Slow parallel for loop


#1

Hi everybody,

I have a problem when using parallelization in a for loop. The computation speed is extremely slow, even slower than without parallel. The for loop code is as follows:

  N = 20
  d_u = 0.5*rand(N)
  d_v = 0.5*rand(N)
  cost_update = SharedArray(Float64, N)

@parallel for k in eachindex(d_u)
    a = p_1     # dynamic lower bound
    b = p_2     # dynamic upper bound
    x_1 = a + (1-gr)*(b-a)
    x_2 = a + gr*(b-a)

    # run golden section search
    cost = zeros(2,1)
    while norm(b-a) > tol

      # compute cost for upper and lower bounds
      lambda_12 = [norm(x_1-p_1) / l_0;
                   norm(x_2-p_1) / l_0]
      theta_gnd = [atan2(x_1[2]-p_i[2], x_1[1]-p_i[1]);   # backward propagation
                   atan2(x_2[2]-p_i[2], x_2[1]-p_i[1])]
      x_gnd = [x_1[1]; x_2[1]] - vertex_min[1] + 1
      y_gnd = [x_1[2]; x_2[2]] - vertex_min[2] + 1
      cost  = [norm(x_1-p_i); norm(x_2-p_i)] .*
              cost_profile_wind(x_wf,  y_wf,  u_wf,  v_wf, d_u[k], d_v[k],
                                x_gnd, y_gnd, V_gnd, theta_gnd) +
              lambda_12.*u_2 + (1-lambda_12).*u_1

     # update upper or lower bounds as necessary
     if cost[1] < cost[2]
       b = x_2
       x_2 = x_1
       x_1 = a + (1-gr)*(b-a)
     else
       a = x_1
       x_1 = x_2
       x_2 = a + gr*(b-a)
     end

    end

    # update cost to return
    cost_update[k] = mean(cost)

  end

The variables x_wf, y_wf, u_wf, v_wf defines a vector field of wind. Inside the for loop, there is a while loop, as well as a function called cost_profile_wind() computing a cost due to wind.

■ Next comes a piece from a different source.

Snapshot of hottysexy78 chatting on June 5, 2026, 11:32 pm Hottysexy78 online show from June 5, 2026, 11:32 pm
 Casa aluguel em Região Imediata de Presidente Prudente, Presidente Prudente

Can anybody help me to get it run faster? If more code is needed, I can always provide.

Thanks!


#2

The manual (under “Parallel Computing”) says

Any variables used inside the parallel loop will be copied and broadcast to each process.

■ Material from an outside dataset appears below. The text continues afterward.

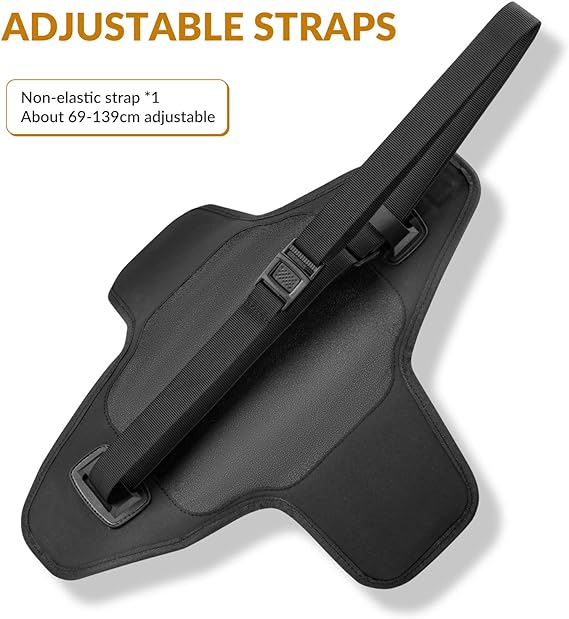 ROCKBROS Motorcycle Waterproof Bag Bike Tank Bag Motorcycle Motorbike Fuel Tank Bags (30120006001)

This would seem to apply to the (presumably large) x_wf etc. Putting them in shared arrays may help, especially if your worker processes share memory.
Could someone tell us (or better yet, point to a practical way of determining) how often the copy/broadcast operation occurs? It may be once per while iteration - after all, the compiler doesn’t know if they are modified by the cost_profile_wind function.